On Tue, Sep 08, 2009 at 08:39:12PM +0000, James Bottomley wrote:
> On Tue, 2009-09-08 at 21:16 +0100, Russell King wrote:
> > On Tue, Sep 08, 2009 at 07:11:52PM +0000, James Bottomley wrote:
> > > The architecturally prescribed fix for this on parisc is to purge the
> > > TLB entry as well.  Without a TLB entry, the CPU is forbidden from doing
> > > speculative reads.  This obviously works only as long as the kernel
> > > never touches the page during DMA, of course ...
> > > 
> > > Isn't this also true for arm?
> > 
> > There appears to be nothing architected along those lines for ARM.
> > From the architectural point of view, any "normal memory" mapping is
> > a candidate for speculative accesses provided access is permitted via
> > the page permissions.
> > 
> > In other words, if the CPU is permitted to access a memory page, it
> > is a candidate for speculative accesses.
> 
> So the parisc architectural feature is simply a statement of fact for VI
> cache architectures: if you don't have a TLB entry for a page, you can't
> do cache operations for it.

That is also true for ARM - you can't perform cache maintainence on a
page without there being a valid page table entry...
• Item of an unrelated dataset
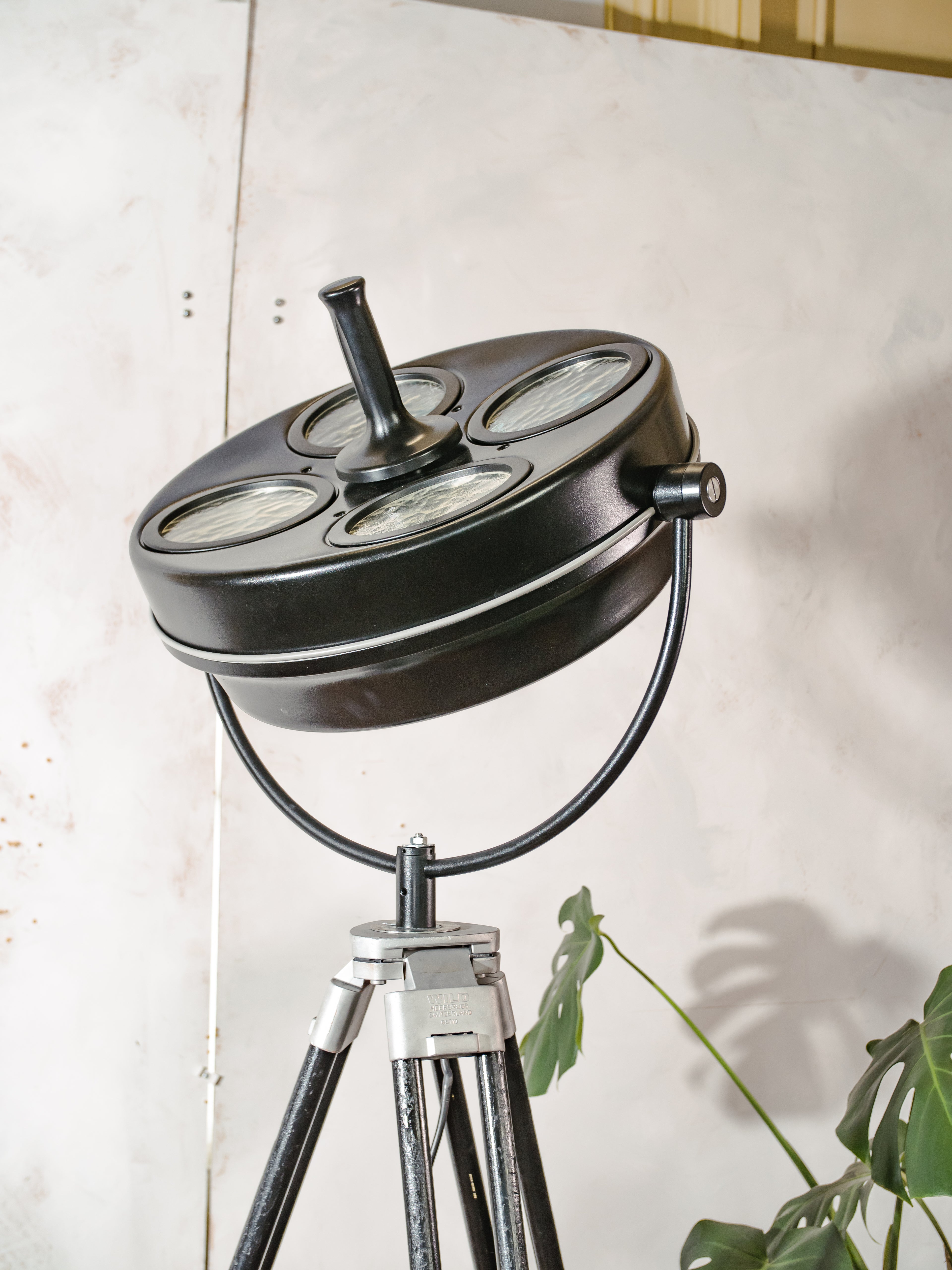 Upcycled Hanau Surgical Lamp Floor Light, Vintage Industrial Spotlight on Surveyors Tripod, 1960s Adjustable Retro Medical Design Lighting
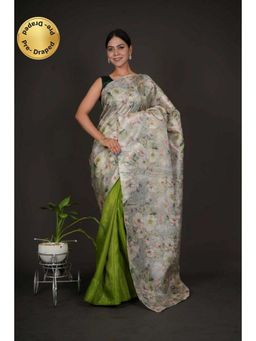 Isadora Life - Womens Floral Embroidered Green Pre-Draped Saree with Unstitched Blouse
> We have a software TLB interrupt and the
> CPU can't interrupt for a speculation, so it's restricted to the
> existing TLB entries in its cache for speculative move ins.

though this is where we differ, since the hardware walks the page tables
and doesn't require any interrupts to do this.

> So now we know what the problem is, if arm can't operate this way,
> what's your suggestion for fixing this ... I take it you have a DMA
> coherence index like we do that flushes the cache on DMA ops?

DMA on ARM continues to be totally non-coherent with the caches.  There
is no hardware help with this.  So, with these speculative accessing
CPUs, we will need to do software cache maintainence both before _and_
after the DMA in the case of DMA from device.

Maintainence before the DMA is required to ensure that the cache
doesn't write out dirty cache lines to the region which is being
DMA'd to.  Maintainence after the DMA is needed to invalidate any
stale data, whether it be pre-existing or speculatively loaded.

What this means is that we need to have the correct virtual address
in the unmap operation to ensure that subsequent CPU reads access
the newly DMA'd data.

The alternative solution I can see is to ensure that subsystems which
do DMA from (eg) vmalloc'd regions are not selectable for ARM.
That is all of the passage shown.